What is that? Let’s get a little history lesson…

During the Cold War, the Pentagon thought they’d show off the U.S. nuclear muscle by dropping 67 bombs on the atolls of the Marshall Islands.

Afterward, they gathered up (most of) the irradiated soil and debris from six of the Pacific Islands, and took it (along with contaminated Nevadan soil) and entombed it in a giant, concrete-domed pit on Runit Island.


“The Tomb” is a 17-inch thick concrete dome with a 377-foot diameter, built to contain radioactive material dumped in “Pacific Proving Grounds” (as I’m tying this I’m thinking dear god, what were people thinking back then?!).

The containment has worked since the late 1970s, but now, as the L.A. Times reports, the dome might be close to cracking open as sea levels rise and the climate changes.
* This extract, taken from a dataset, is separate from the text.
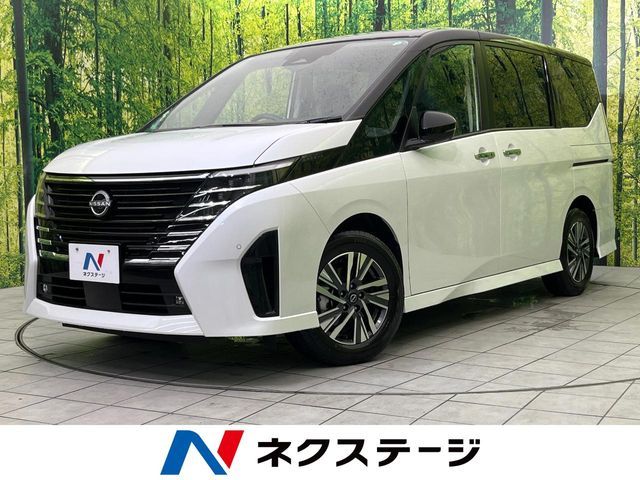 NISSAN / SERENA  WG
Reporters from the Los Angeles Times and Columbia University have found evidence that the dome is covered in cracks that are getting worse as the temperature steadily rises. The sea levels around Runit Island are also rising, causing radioactive material to leak into surrounding waters.


Earlier this year, a peer-reviewed study found that some regions of the Marshall Islands have radiation levels comparable to Chernobyl and Fukushima.

The re-emergence of the Cold War-era issue is dredging up old grievances, as well. When the Marshall Islands officially gained their independence from the U.S. in 1986, the States washed their hands of responsibility for the mess they left behind.

Although the U.S. government agreed to pay for resettlement and healthcare for those affected by the testing, they wanted nothing to do with dealing with the continued monitoring and maintenance of “The Tomb.”

Recently, Hilda Heine, the president of the Republic of the Marshall Islands, made it clear that she doesn’t agree with the States’ way of thinking on this one.


“I’m like, how can the dome be ours? We don’t want it. We didn’t build it, The garbage inside is not ours. It’s theirs.”

She’s not wrong, but as an American, I would like to tell President Heine that, regardless of how correct she is in her thinking, she may want to make a plan to deal with the mess.

Because the chances the U.S. government has one seem pretty darn small.